“With 49 properties any object can be characterized”
The world around us consists of countless things of infinite variety. We perceive them from different perspectives and yet recognize that a glass is a "glass" largely independent of its shape, size or position in the room. Martin Hebart, head of the new Max Planck Group "Group Vision and Computational Cognition" at the MPI CBS, wants to understand how this works: How do we identify the components of our environment? Which laws do we follow in order to use visual information to make decisions? An interview about how the world can be described with 2,000 categories, why a carp has been kicked out of their database and how this research could improve artificial intelligence.
Mr. Hebart, what exactly is your research about?
We would like to understand the principles by which we can recognize an object and interact with it in a meaningful way. For example, how can I recognize the glass in front of me and drink from it? That sounds easy at first. But it is an amazing ability when you consider that the environment around us is constantly changing and we keep receiving new sensory impressions of objects that we have never experienced before. Behind the scenes, if you like, a complex sequence of perceptual and decision-making processes takes place, which allow us to recognise and classify the properties that make an object what it is and that distinguish it from other objects. The findings from our research mainly serve to better understand these processes in the human brain. But they might also help us improve artificial intelligence.
In what way?
Take the example of self-driving cars. Until recently, the main focus of artificial intelligence research has been largely to yield the best possible prediction. For most real-world applications, it is irrelevant how exactly objects are represented by artificial intelligence and how the problem of object recognition is solved as long as they are correctly categorized. However, recent studies have shown that this can lead to problems in situations that artificial intelligence does not know so well. For example, for a self-driving car, it is very important to recognize that a ball on the street means a child could be nearby. Nevertheless, certainly very few images from which these algorithms have learned to drive will contain balls on the street. If you better understand the similarities and differences in the representation of objects in humans and artificial intelligence, this can help making these algorithms better.
How do you want to investigate the recognition of objects?
In order to better understand objects, we first had to solve a general problem: What are the objects that exist around us, and which ones should we use to capture this diversity? First, we collected about 7,000 terms for different things. We then distilled them to a set of words that are really used as labels in everyday naming. A “carp” was thrown out because the test participants called it “fish”. We found that with around 2,000 names, i.e. categories, the world can be described quite well. The next challenge was: How do we find pictures of these objects that we can show to our test participants? We browsed image search engines on the Internet and collected about 12 to 15 images from each category. In total, we ended up with around 26,000 files. We cropped all images to the same format and put them together in a large database of images of all objects, which is now also freely accessible for other researchers. Based on this, we are conducting various studies, from behavioral experiments to measuring activity patterns in the brain in response to the images. We support this approach with computational models from artificial intelligence research such as deep neural networks, which, simply said, consist of a large number of artificial neurons that are arranged in several layers. These models are inspired by the brain and are currently the best models we have of visual processing.

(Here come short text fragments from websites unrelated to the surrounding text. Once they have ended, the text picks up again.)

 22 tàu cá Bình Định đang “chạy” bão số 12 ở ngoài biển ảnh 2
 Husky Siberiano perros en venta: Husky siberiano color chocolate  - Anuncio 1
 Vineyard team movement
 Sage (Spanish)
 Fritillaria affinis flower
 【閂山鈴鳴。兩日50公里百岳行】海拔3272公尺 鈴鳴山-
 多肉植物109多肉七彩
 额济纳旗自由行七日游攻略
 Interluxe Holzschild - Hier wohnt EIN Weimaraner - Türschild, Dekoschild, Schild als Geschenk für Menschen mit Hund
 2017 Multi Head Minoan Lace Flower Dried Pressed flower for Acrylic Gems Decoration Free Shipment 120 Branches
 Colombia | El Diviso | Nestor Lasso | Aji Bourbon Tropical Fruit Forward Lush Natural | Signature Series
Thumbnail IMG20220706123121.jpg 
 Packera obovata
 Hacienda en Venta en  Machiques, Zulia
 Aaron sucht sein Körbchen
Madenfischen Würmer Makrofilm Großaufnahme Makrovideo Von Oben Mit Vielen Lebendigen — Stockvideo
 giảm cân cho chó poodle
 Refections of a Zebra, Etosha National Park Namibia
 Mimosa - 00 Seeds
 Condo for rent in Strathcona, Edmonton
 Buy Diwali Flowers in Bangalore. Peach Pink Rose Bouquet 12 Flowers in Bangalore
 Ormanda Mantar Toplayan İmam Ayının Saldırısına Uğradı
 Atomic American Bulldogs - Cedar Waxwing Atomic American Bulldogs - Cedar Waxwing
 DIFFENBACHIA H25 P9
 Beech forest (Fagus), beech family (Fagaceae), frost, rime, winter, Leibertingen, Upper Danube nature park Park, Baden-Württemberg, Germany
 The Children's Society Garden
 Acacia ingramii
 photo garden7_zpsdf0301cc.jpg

What have you found out so far?
We have just submitted the results of a large behavioral study explaining which properties we would most likely use to characterize the approximately 2000 objects. Ultimately, around 50 so-called core dimensions have emerged, on the basis of which we can recognize all objects and group them into categories, forming the basis for the so-called mental representation of these objects. For example, most people agree that an octopus and a shrimp are more similar to each other than they are to a car. They share more core dimensions with each other - they are living things, you can eat them, they have a strong connection to water, and they are rather slippery. With only 49 dimensions, each object can be characterized very well, so well that we can hardly explain it better with our data. For me, this is really exciting.
We started a study a few months ago in which we wanted to figure out whether our 26,000 objects are reflected in brain’s activity. It has been known for about fifteen years that the activity patterns in the brain allow us to identify which object a person is looking at. So, mind reading is already possible in a rudimentary form (laughs). But the "reading" of information from the brain is not the focus of our research. We want to decipher why these activity patterns look the way they do and which properties matter to our brains. To answer this question, we also want to use various characteristics such as color, shape or "has something to do with nature", "can move", "valuable" or "something with fire" as connecting elements. I believe that only by uncovering these properties we can really understand how the brain processes objects. Of course, it is not guaranteed that all properties we identify make as much sense as those we have found in our previous behavioral tasks. But, of course, this makes us all the more curious about what we are about to discover.
The interview was conducted by Verena Müller.